- [Required work]: With the exception of the pictures, write out the data below precisely.

- [Data block]:
▼

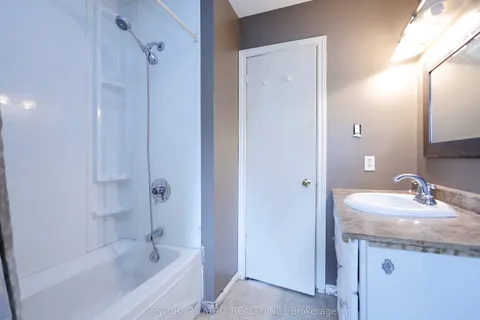 24 Culver Court, London, ON N5V 3E8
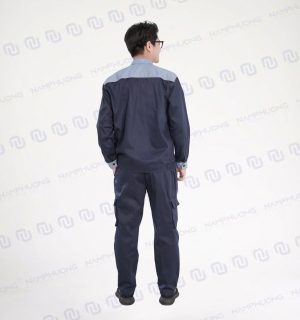 Quần bảo hộ sử dụng màu xanh navy đồng bộ với áo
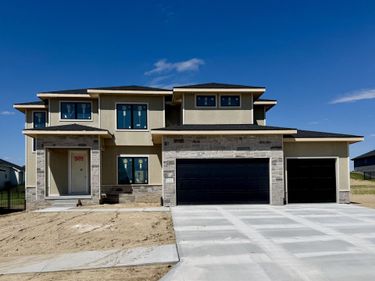 10714 S 219th Avenue, Gretna, NE 68028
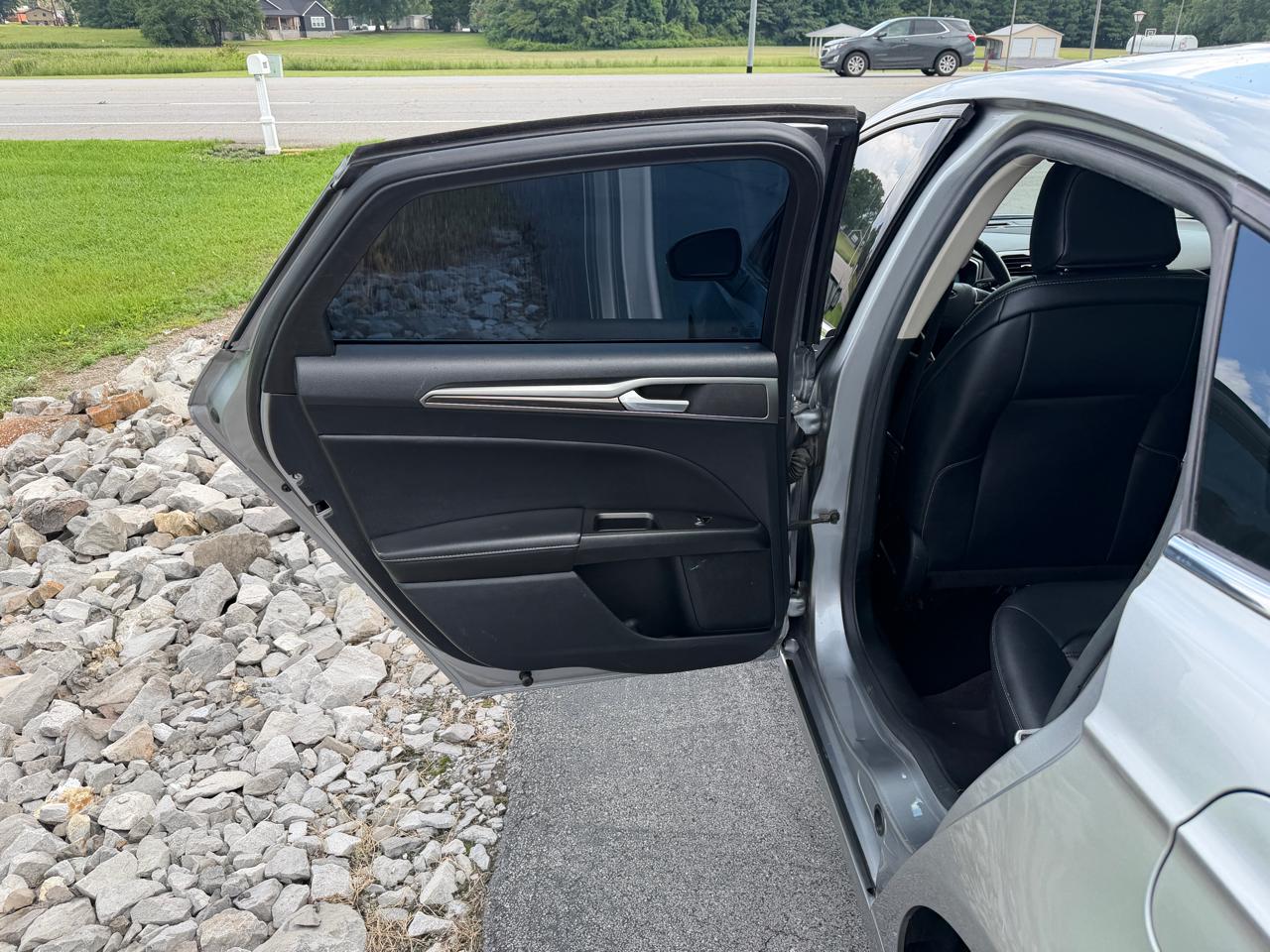 Ford Fusion SEL FWD 2020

▲

- [Exercise solution]:
 24 Culver Court, London, ON N5V 3E8
 Quần bảo hộ sử dụng màu xanh navy đồng bộ với áo
 10714 S 219th Avenue, Gretna, NE 68028
 Ford Fusion SEL FWD 2020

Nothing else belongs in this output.